Smart Config - Githubissues

loopyme commented 4 years ago

Missing functionality

Configuration is always a big problem for me.

When I was beginner of PP, I didn’t know how to set various parameters for my data set and my ML case, the used time and memory was sometimes unacceptable.

Until recently, I read all of the code, familiar with all the implementations and configurations, so I can choose the efficient configuration method. But you can't expect every user to use this approach to learn to configure their own case.

Some friends of mine always complains about how slow PP is, but I find that PP itself is actually not that slow, it's the constant configuration makes PP slow.

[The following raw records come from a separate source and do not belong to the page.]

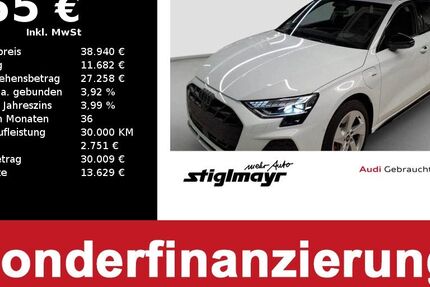 Audi A3 8.633 km 38.940 &euro; Pfaffenhofen 85276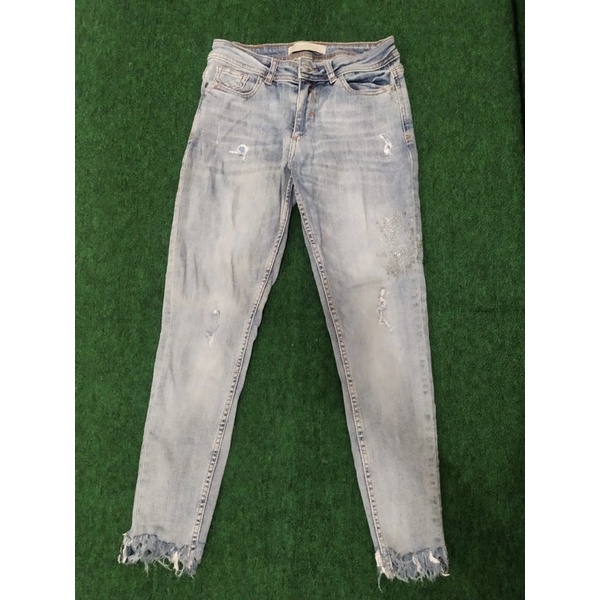 Zara Jeans Preloved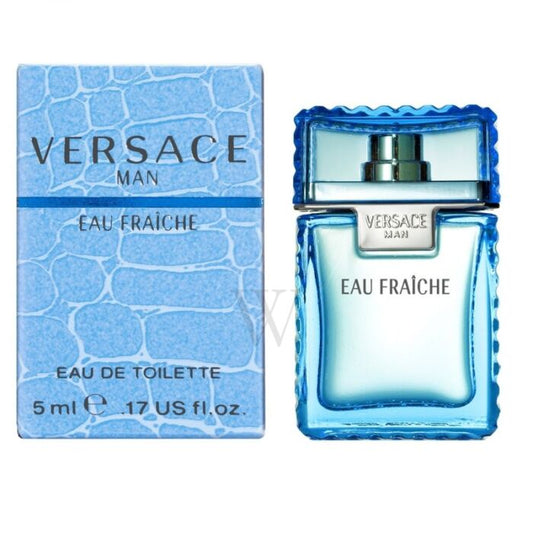 VERSACE MAN EAU FRAICHE M EDT 5ML MINI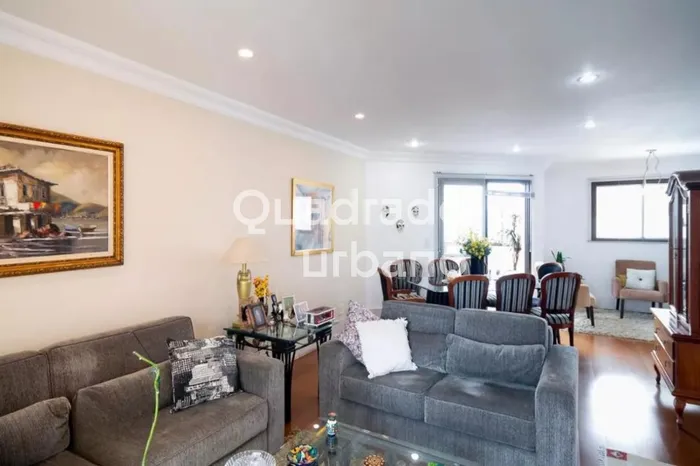 Apartamento com 1 suítes à venda em Campo Belo, São Paulo, por R$ 1.200.000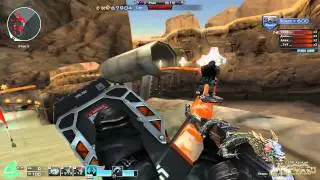 CrossFire Russia: Гонка смерти (death race) RPK Vip infernal Dragon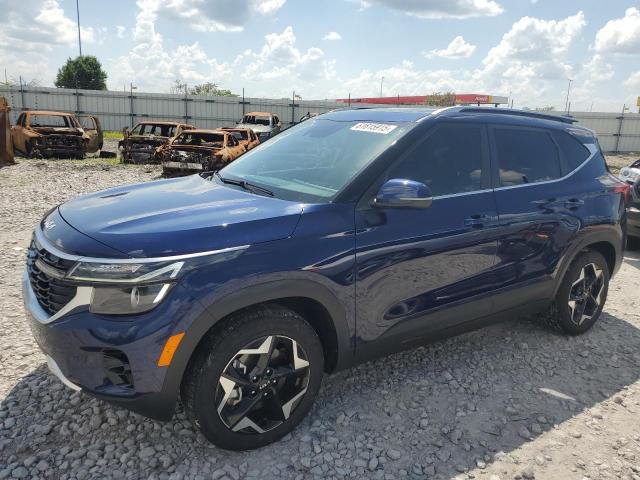  Salvage Kia Seltos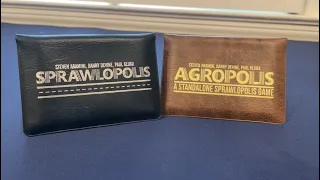 How to play Sprawlopolis and Agropolis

What's worse, some of the default config items become problems when I am trying to tune the performance. For example, here are some test result about running time when I am doing performance tests on a dual-core-processor server(The benchmark is to generate HTML reports on some commonly used data sets):

Branch	Use_dask	bayesian_blocks	Repeat	Benchmark1(ms)	Benchmark2(ms)	Benchmark3(ms)	Benchmark4(ms)	Benchmark5(ms)
loopy-patch-fast	True	False	10	5361	10151	12342	6013	1804
loopy-patch-fast	False	False	10	16089	12734	16799	9680	1802
loopy-patch-fast	True	True	10	35903	78999	92227	6945	1906
master	False	False	10	17098	12697	16287	11783	1742
master(Default)	False	True	10	39990	73714	86397	13032	1863

As the table above shows, bayesian_blocks(Default to be True) takes more than 60% time and produces an almost same histogram on large data sets. What's worse, this problem will become more serious as the data set increases. On some particular data sets, the ratio even rises to more than 90%.

Different data sets should handle differently to be both fast and effective. Otherwise, user experience and ease of use will be greatly affected, especially for beginners, even complete and detailed documentation is not enough in this case.

In fact, when running on some large data sets, tweaking the config parameters, using parallel scheduling can save about 75%~95% of the time and produce an almost same report.

So I propose these two features below.

Proposed feature

Interactive config widget: Since PP is always used in notebook, why not create an interactive config widget to help user (especially the beginners) make their own config? It will improve the user experience a lot and make it more convenience.
Auto config: When no configuration is specified, we should generate a config according to the input data.

Both of the feature are not difficult to implement, but 'Auto config' requires some experienced to run some tests and carefully choose the strategies and thresholds.

Additional context

Recently, I am focusing on pipelining the project, performing performance tuning and fixing related bugs. As a result, recently I may not able to implement these two features. That's also why I did not send PR, but left an issue here.

sbrugman commented 4 years ago

As a quick fix the Bayesian Bins default is set to False. Both proposed features are welcome contributions!

github-actions[bot] commented 4 years ago

Stale issue

neomatrix369 commented 4 years ago

Missing functionality

Configuration is always a big problem for me.

@loopyme as usual very good feedback and contributions from you.

Since you know the code and understand data, data types and data structure (I'm correct here I think, or else let me know). have you also considered a config recommendation system based on the dataset it's given.

This system could be available to both notebook and non-notebook users. Here's what I think the API could look like:

recommended_configs = PandaProfiling().get_recommended_configs_for(dataset)

recommended_configs would be a list of configs to choose from.

Why list because against each config, it could give an estimate of the (min, max, avg) of time PP might take to process that data using the recommended config. And then the end-user can choose the one it wants to use.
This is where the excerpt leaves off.